E. Yet Another Division Into Teams（Codeforces Round #598 (Div. 3)）（划分数-贪心-模拟）

time limit per test：2 seconds
memory limit per test：256 megabytes
input：standard input
output：standard output

Description

There are $n$ students at your university. The programming skill of the $i$-th student is $a_i$. As a coach, you want to divide them into teams to prepare them for the upcoming ICPC finals. Just imagine how good this university is if it has $2⋅10^5$ students ready for the finals!

Each team should consist of at least three students. Each student should belong to exactly one team. The diversity of a team is the difference between the maximum programming skill of some student that belongs to this team and the minimum programming skill of some student that belongs to this team (in other words, if the team consists of k students with programming skills $a[i1],a[i2],…,a[ik]$, then the diversity of this team is $max_{j=1}^{k}a[i_j]−min_{j=1}^{k}a[i_j])$.

The total diversity is the sum of diversities of all teams formed.
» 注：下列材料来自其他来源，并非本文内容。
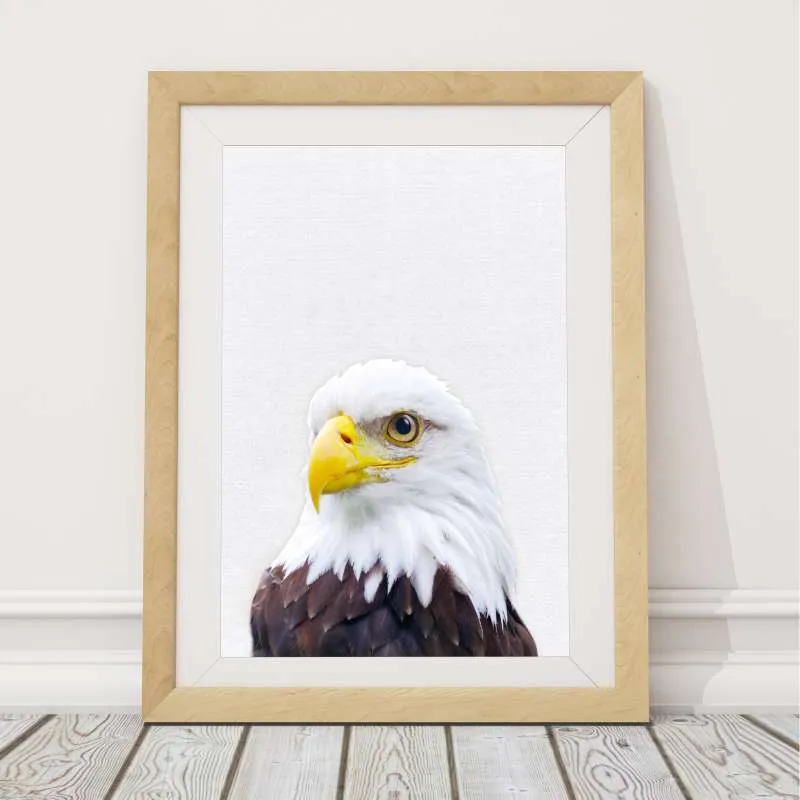 Bald Eagle Wall Art Print
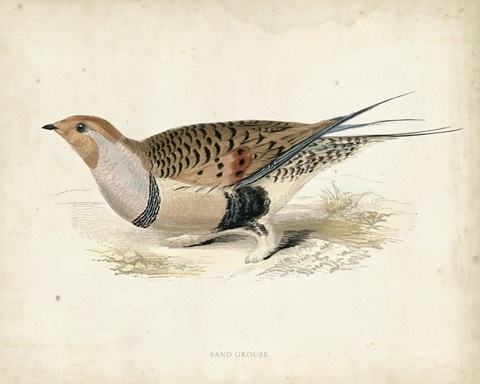 Morris Pheasants V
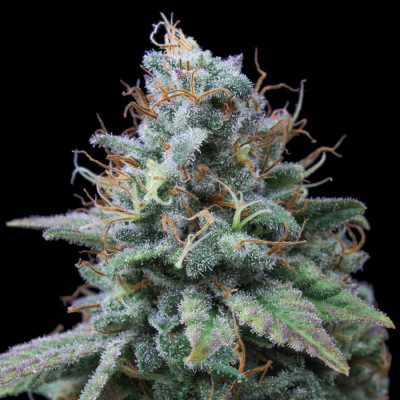 Exclusive Seeds Bank - Nemo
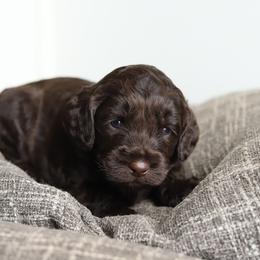 Purple - Chocolate female Australian Labradoodle puppy in Williamstown, New York from Lewis Manor Labradoodles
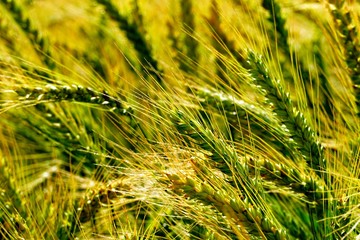 Background of cereal field, close up of cereal field. Tritikale cereal field in summer. Wheat and Rye field in Latvia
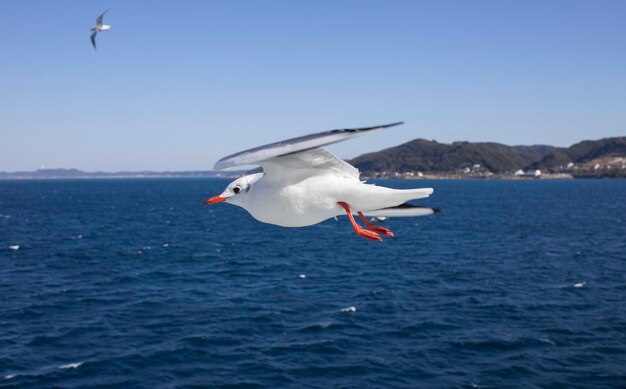 晴れた空の前で海を飛ぶ鳥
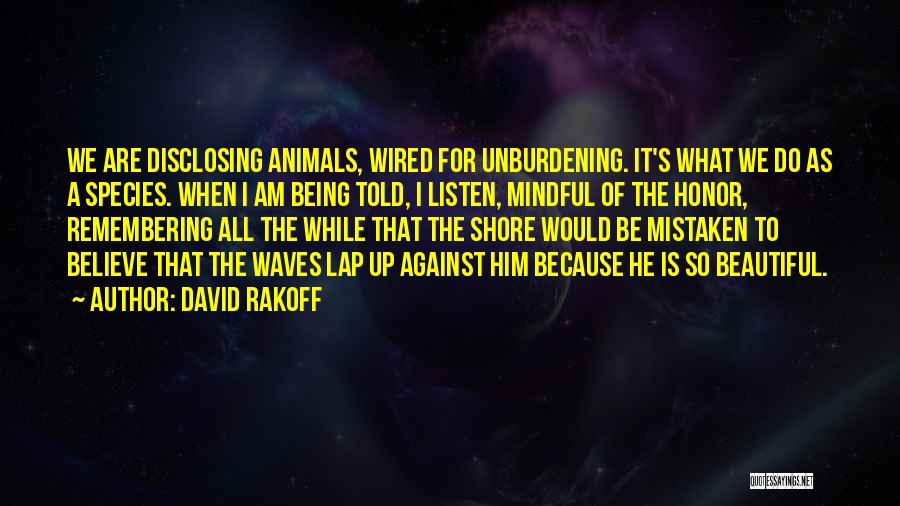 He Is Beautiful Quotes By David Rakoff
Your task is to minimize the total diversity of the division of students and find the optimal way to divide the students.

Input

The first line of the input contains one integer $n (3≤n≤2⋅105)$ — the number of students.

The second line of the input contains $n$ integers $a_1,a_2,…,a_n (1≤a_i≤10^9)$, where $a_i$ is the programming skill of the $i$-th student.

Output

In the first line print two integers $res$ and $k$ — the minimum total diversity of the division of students and the number of teams in your division, correspondingly.

In the second line print $n$ integers $t_1,t_2,…,t_n (1≤t_i≤k)$, where $t_i$ is the number of team to which the $i$-th student belong.

If there are multiple answers, you can print any. Note that you don’t need to minimize the number of teams. Each team should consist of at least three students.

input

5
1 1 3 4 2

output

3 1
1 1 1 1 1 

input

6
1 5 12 13 2 15

output

7 2
2 2 1 1 2 1 

input

10
1 2 5 129 185 581 1041 1909 1580 8150

output

7486 3
3 3 3 2 2 2 2 1 1 1 

Note

In the first example, there is only one team with skills $[1,1,2,3,4]$ so the answer is $3$. It can be shown that you cannot achieve a better answer.

In the second example, there are two teams with skills $[1,2,5]$ and $[12,13,15]$ so the answer is $4+3=7$.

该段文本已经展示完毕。